XPaths are wrong #32

Open SomeRandomDude870 opened 3 years ago

SomeRandomDude870 commented 3 years ago

Hi, it seems that some Queries are wrong. I have already looked through them and tried to fix them but I still get errors. I just have no idea of Python.

Anybody can look through them and fix it?

Ackater commented 3 years ago

Sorry I have been busy, please try now.

MegaMagicPower commented 3 years ago

It still wasn't working for me, but I figured out the xpath values. For some reason, when you load the page in Chrome, the xpath values in the code are correct. But if you inspect what's brought back inside of the python code, the html is totally different. No idea why. Anyway, replace these lines in scraper.py with the below and it should work again.

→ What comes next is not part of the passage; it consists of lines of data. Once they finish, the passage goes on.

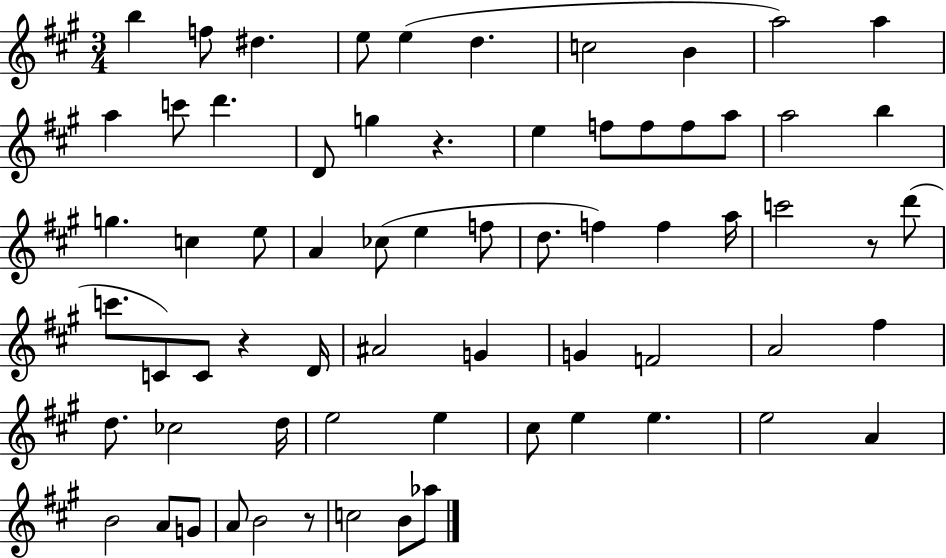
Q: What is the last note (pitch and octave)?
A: Ab5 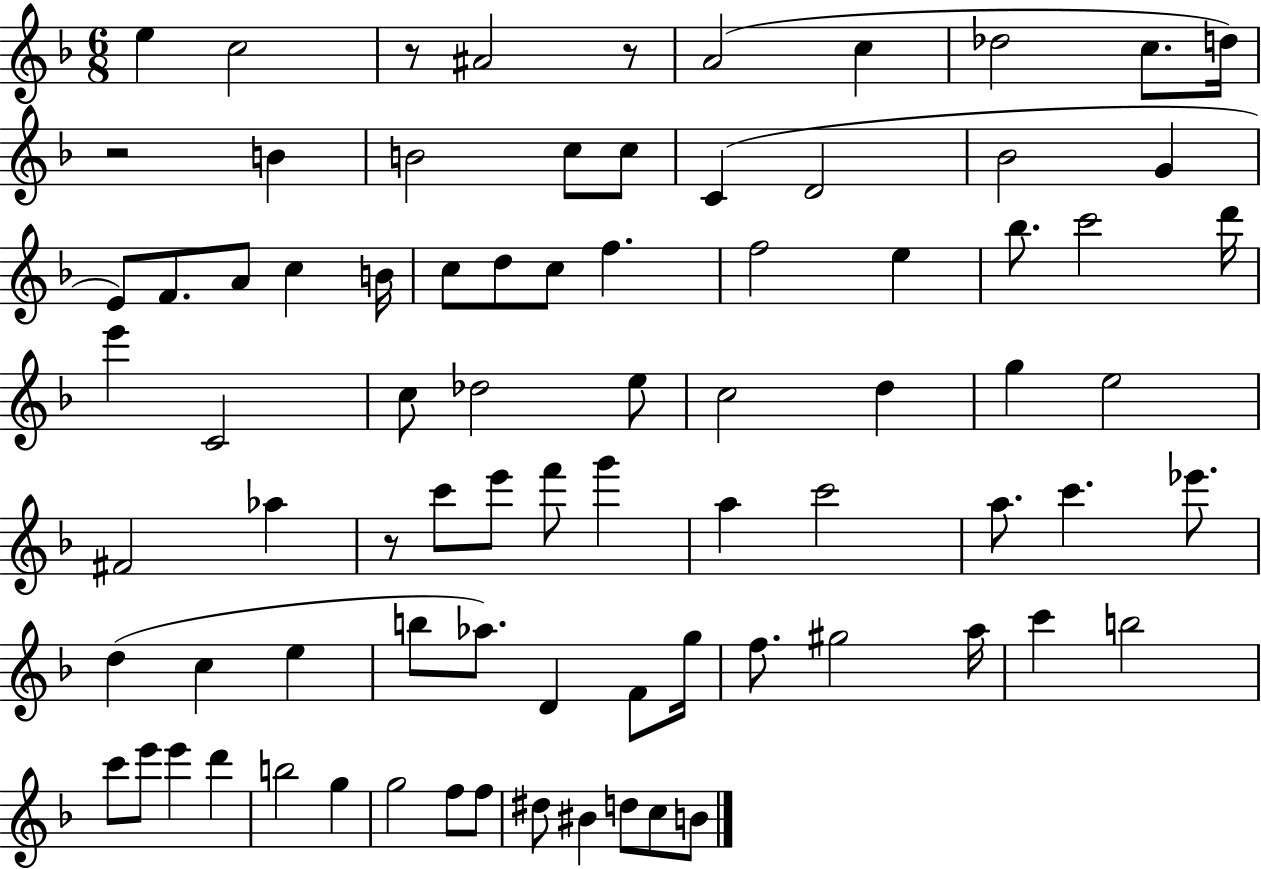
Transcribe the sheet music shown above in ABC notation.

X:1
T:Untitled
M:6/8
L:1/4
K:F
e c2 z/2 ^A2 z/2 A2 c _d2 c/2 d/4 z2 B B2 c/2 c/2 C D2 _B2 G E/2 F/2 A/2 c B/4 c/2 d/2 c/2 f f2 e _b/2 c'2 d'/4 e' C2 c/2 _d2 e/2 c2 d g e2 ^F2 _a z/2 c'/2 e'/2 f'/2 g' a c'2 a/2 c' _e'/2 d c e b/2 _a/2 D F/2 g/4 f/2 ^g2 a/4 c' b2 c'/2 e'/2 e' d' b2 g g2 f/2 f/2 ^d/2 ^B d/2 c/2 B/2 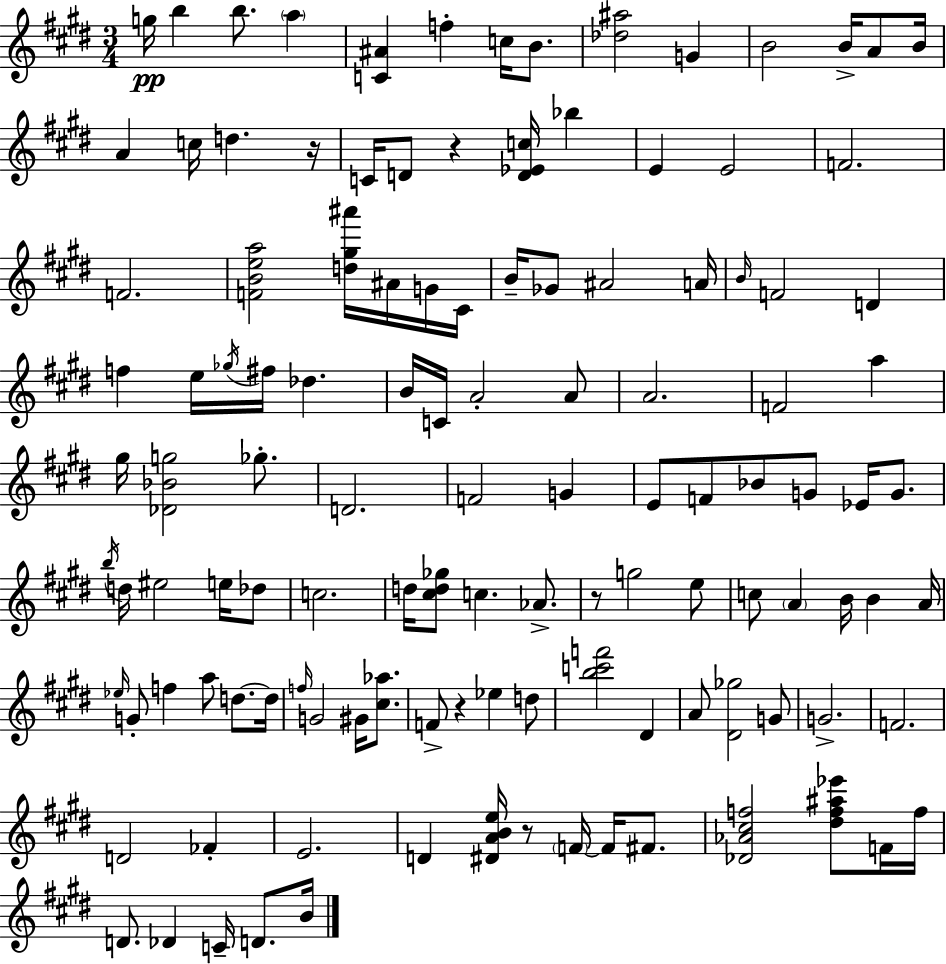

chapter_title_xp                = "//div/h2[starts-with(@title, 'Created')]/text()"
chapter_content_xp              = ".//div[@style='padding:25px 5px 5px 10px;min-width:482px;']/div"
chapter_choices_xp              = ".//div[@id='end_the_choices']/parent::*//a"

Also I've never been able to get the "download search results" feature to work until now either, so here's that change as well, also in scraper.py:

search_results_xp="//div[@style='display:inline;']"

#Located in get_search_page_interactive_ids()
items.append(re.findall(r"interactive-story/item_id/(.+?)'" , list(l.getchildren())[0].attrib['oncontextmenu'])[0])
Ackater commented 3 years ago

Do you want to submit a pull request? Just don't grab the gh-pages branch which is about 1GB of archives now.

The search function was leftover from the old code. I never bothered to get it working, since I just downloaded everything.

Ackater commented 3 years ago

Actually are you using a theme that's not the default theme on writing.com? That may be why your xpaths are different. I'm checking mine, and the ones xpaths work fine.

MegaMagicPower commented 3 years ago

Yeah it looks like you're right. I just made a brand new account and it looks a little different; the "Members who added to this interactive story also contributed to these" is on the right side, whereas on my actual account, they're on the left. And at the bottom, the choices are left aligned on the new account, and centered on the main account. The xpaths work correctly on the new account as well. I didn't even know there was a way to change your theme until you mentioned it, but I just looked and they're both set to "Writing.com: Default". The only thing I can think of is someone anonymously gifted me a membership, and the pages delivered to members are different than free accounts.

I can't really deliver a PR when working with totally different output pages, but you might see if what I posted for the search page works for you as well and deliver that if you want, since its such a small change. The only thing I changed was "interact-story" to "interactive-story" on that line I posted.

Ackater commented 3 years ago

Oh, do you have the (paid membership) feature to automatically expand chapters in interactives on? That'll change the layout of the pages too.

MegaMagicPower commented 3 years ago

I did have it on, but turning it off didn't change anything as far as the xpath problem.

Ackater commented 3 years ago

It might be still enabled in the scraper's session if you don't repeat your login. Try deleting your session file with it turned off on the website?

I'm using a premium account to scrape myself, with that feature turned off.

MegaMagicPower commented 3 years ago

Yeah I think that was it. It seems to be working fine now with the default xpaths. Wish I would have asked earlier and saved myself a couple of hours.

Since I already did the work though I went ahead and made a pull request for the get_search fix. I tested it on a free account so it should be working despite any weird hangups that might be left with my main account. I updated the instructions as well since it seems like the default search no longer includes interactives; you have to specifically request them.

SomeRandomDude870 commented 3 years ago

Thanks! Works now.

Although, it´s quite strange since I have looked through the XPAths myself and they didn´t change.